In the third quarter, Boston College took advantage of favorable field position to tie the game up. After sacking Bryant deep in Clemson territory on third down, the Eagles took over at the Tigers’ 37-yard line and needed just eight plays to find pay dirt. A.J. Dillon’s 1-yard rumble made the score 7-7 with 3:30 left in the third quarter.
However, Clemson’s offense began to click when it mattered most and recorded 213 yards in the final period. Adam Choice concluded a 10-play, 67-yard drive with a 6-yard touchdown run early in the fourth quarter that gave the Tigers the lead for good. On Clemson’s ensuing possession, freshman running back Travis Etienne gave his team some breathing room with an electric 50-yard touchdown sprint. Kelly Bryant iced the game with 2:50 remaining when he plunged into the end zone on a run from four yards out, before Etienne tacked on with a 10-yard touchdown run that provided the final margin.
What went right?
Clemson played lockdown defense, as it has all season thus far, and the unit’s stifling effort kept the team in the game until the offense figured things out late.

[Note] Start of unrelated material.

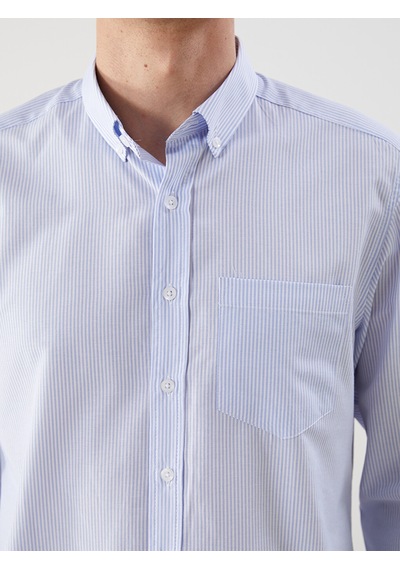 Lcwaıkıkı Classic Mavi Regular Fit Uzun Kollu Çizgili Poplin Erkek Gömlek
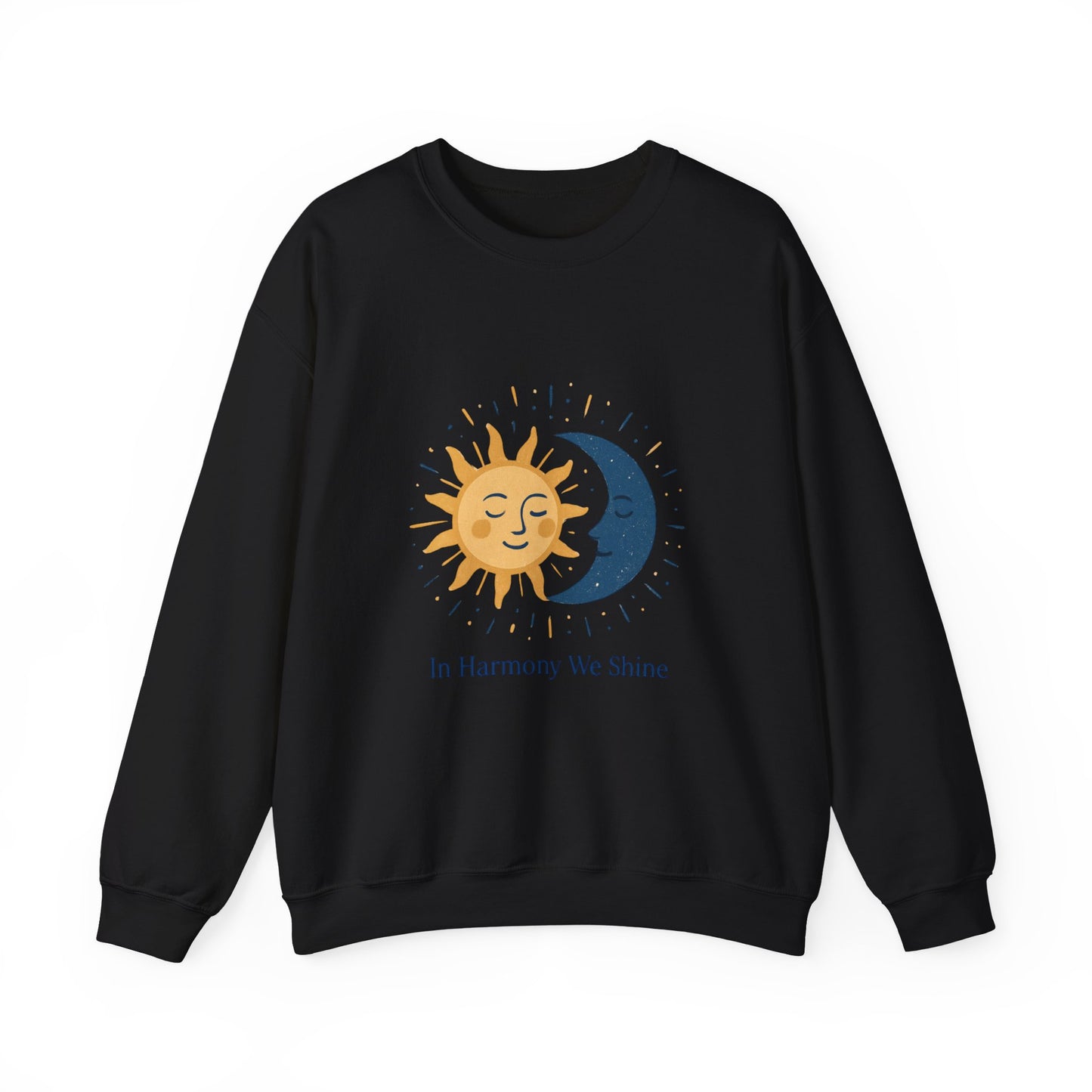 Sun and Moon Crewneck Sweatshirt — "In Harmony We Shine" Cozy Astrology Pullover Printify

Boston College had only 12 first downs, went 4-of-16 on third-down attempts and averaged 3.6 yards per play. Clemson forced two turnovers courtesy of interceptions by cornerbacks Trayvon Mullen and A.J. Terrell. The Tigers were disruptive all game long with six tackles for loss, five pass breakups and 10 quarterback hurries.
The biggest positive for Clemson offensively was that it ran for 342 yards on 58 carries, an average of 5.9 yards per attempt.
What went wrong?
The Tigers committed two turnovers and were lucky that it was only two. Bryant threw two interceptions, though Boston College defensive end Harold Landry forced one of the picks by hitting Bryant’s arm and causing the ball to pop into the air. Both Bryant and C.J. Fuller fumbled, as well, but the Tigers recovered both. Offensive guard Taylor Hearn recovered Bryant’s fumble and ran for a first down on Clemson’s first scoring drive of the game.
Another negative was that Clemson lost the field position battle. The Tigers started five drives inside their own 10-yard line and had an average field position of their own 24-yard line.
Early in the fourth quarter, a big catch by sophomore wide receiver Diondre Overton on third down led to Clemson’s go-ahead score. With the game knotted at 7-7, Overton hauled in a 23-yard pass from Kelly Bryant that put the Tigers at Boston College’s 6-yard line. A play later, Choice ran into the end zone and gave Clemson a lead it wouldn’t relinquish. Had Overton not made the catch, it would have been fourth-and-9 from Boston College’s 29-yard line, and things could have turned out differently.